**Exercise requirements**: Make an exact copy of the listing below. Pictures stay out of it.

**Input data**:
────────────────
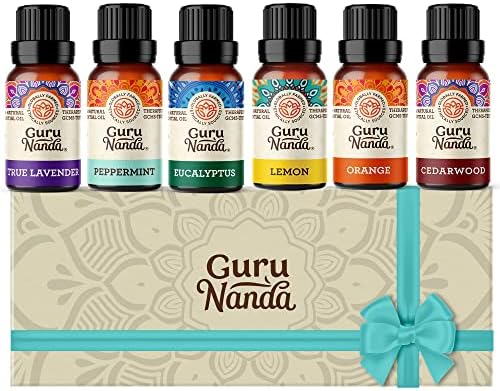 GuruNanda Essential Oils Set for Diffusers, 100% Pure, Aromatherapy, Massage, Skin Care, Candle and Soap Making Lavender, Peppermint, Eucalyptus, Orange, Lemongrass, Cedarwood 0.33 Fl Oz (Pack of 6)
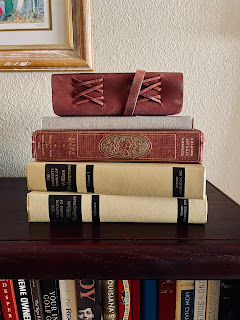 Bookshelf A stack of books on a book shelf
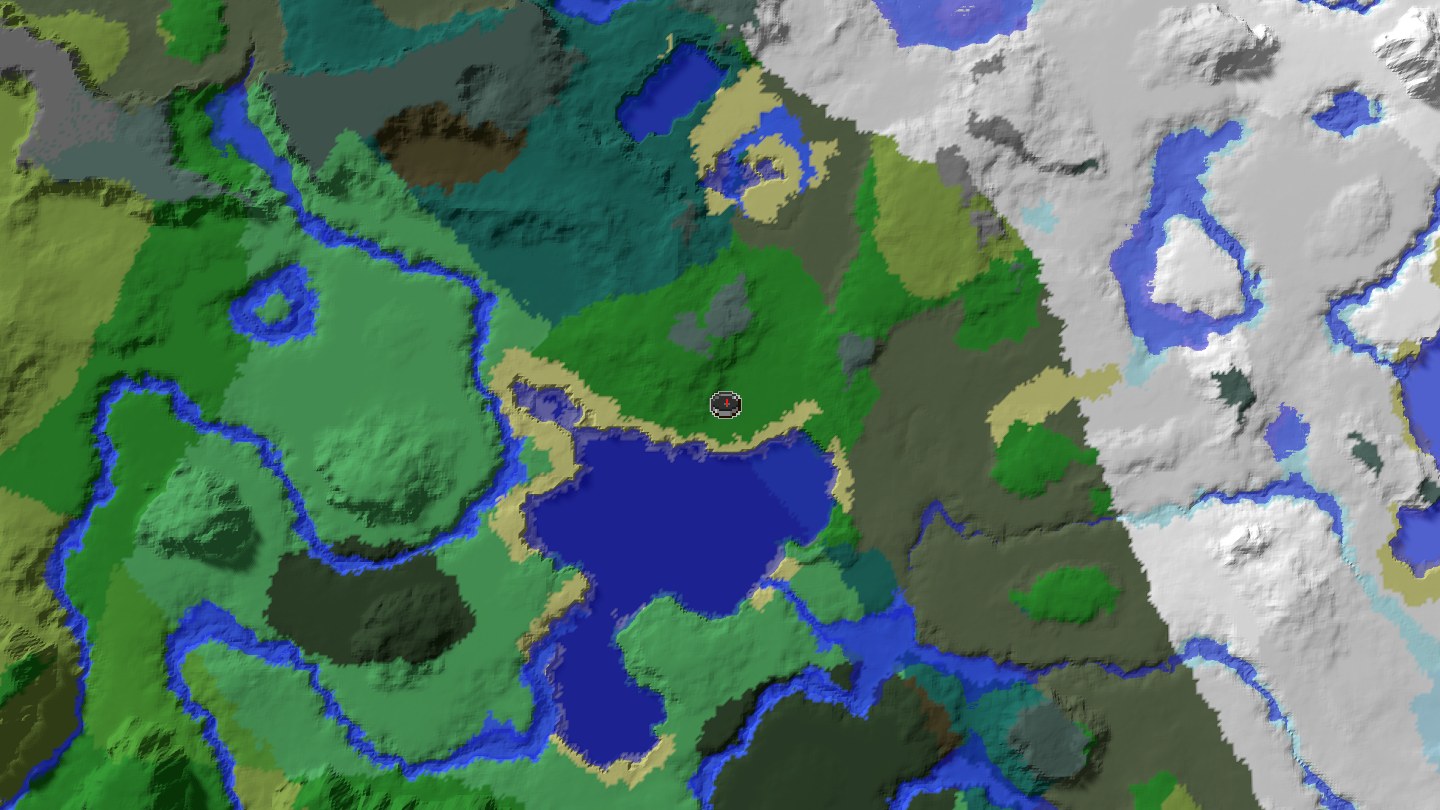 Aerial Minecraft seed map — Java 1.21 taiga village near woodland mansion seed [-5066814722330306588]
────────────────
**Answer to the exercise**:
 GuruNanda Essential Oils Set for Diffusers, 100% Pure, Aromatherapy, Massage, Skin Care, Candle and Soap Making Lavender, Peppermint, Eucalyptus, Orange, Lemongrass, Cedarwood 0.33 Fl Oz (Pack of 6)
 Bookshelf A stack of books on a book shelf
 Aerial Minecraft seed map — Java 1.21 taiga village near woodland mansion seed [-5066814722330306588]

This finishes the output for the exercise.